OH Hai Sgt. Johnson...wait...werent you with master chief and died since this ending takes a month later after all this shit since it takes place between halo 2 and 3?


----------



## Lazydabear (Sep 23, 2009)

NewfDraggie said:


> Stupid game, should have been free.
> It adds nothing to the story, the only actual thing it adds is a few (crappy) weapons and shit that makes no sense, master chief could "heal" because it was his shield recharging. ODST don't have shields...so basically it's a 'whut?'
> 
> The only thing I really enjoyed about halo was the story, the books and the games all offered insight on that and this seems stupid to me. Halo: Reach looks promising however.


 
Be happy Nathan Fillion is in the game be happy he's from Canada.


----------



## Lazydabear (Sep 23, 2009)

Crysix Corps said:


> ending creates a Time Paradox
> 
> 
> Spoiler
> ...


 

Heroic Mode he still alive.


----------



## Lucky WOLFIE (Sep 23, 2009)

Best game ever in my opinion.


----------



## LotsOfNothing (Sep 23, 2009)

Lucky WOLFIE said:


> Best game ever in my opinion.




Takes Halo's revolutionary gameplay mechanics and makes them even better.  ODST single-handedly puts all other shooters to shame.


----------



## CryoScales (Sep 23, 2009)

Lucky WOLFIE said:


> Best game ever in my opinion.





LotsOfNothing said:


> Takes Halo's revolutionary gameplay mechanics and makes them even better.  ODST single-handedly puts all other shooters to shame.



Yeah. ODST is SOOOO much better then Deus Ex


----------



## LotsOfNothing (Sep 23, 2009)

CryoScales said:


> Yeah.

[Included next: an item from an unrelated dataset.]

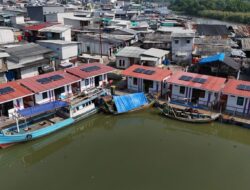 Prabowo Subianto Provides Floating Homes, Village of Jakarta Fishermen Shows Appreciation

ODST is SOOOO much better then Deus Ex




I WISH TO SLAP YOU THROUGH THE INTERNET FOR TAKING ME SERIOUSLY


----------



## CryoScales (Sep 23, 2009)

LotsOfNothing said:


> I WISH TO SLAP YOU THROUGH THE INTERNET FOR TAKING ME SERIOUSLY



I WISH TO LAUGH AT YOU THROUGH THE INTERNET FOR TAKING ME SERIOUSLY


----------



## LotsOfNothing (Sep 23, 2009)

CryoScales said:


> I WISH TO LAUGH AT YOU THROUGH THE INTERNET FOR TAKING ME SERIOUSLY




Stoppit, your serious is contagious.  >:C


----------



## CinnamonApples (Sep 23, 2009)

LotsOfNothing said:


> Takes Halo's revolutionary lack-luster gameplay mechanics and makes them even better exactly the same.  ODST single-handedly puts all other shooters to shame.



Just in case people didn't pick up on the sarcasm.


----------



## CryoScales (Sep 23, 2009)

CryoScales said:


> Yeah. ODST is not much better then Deus Ex



Might need to fix this



CinnamonApples said:


> Just in case people didn't pick up on the sarcasm.



Sarcasm is sometimes overlooked in other areas


----------



## Duality Jack (Sep 23, 2009)

I am apathetic about the trials of Microsoft.


----------



## Ilayas (Sep 23, 2009)

CryoScales said:


> Microsoft is trying to bleed Halo dry now. I mean after Halo: Reach Bungi is leaving and they are creating a brand new company to make any more sequels.
> 
> Honestly, I think Microsoft needs to find a new game franchise to devote all it's attention to.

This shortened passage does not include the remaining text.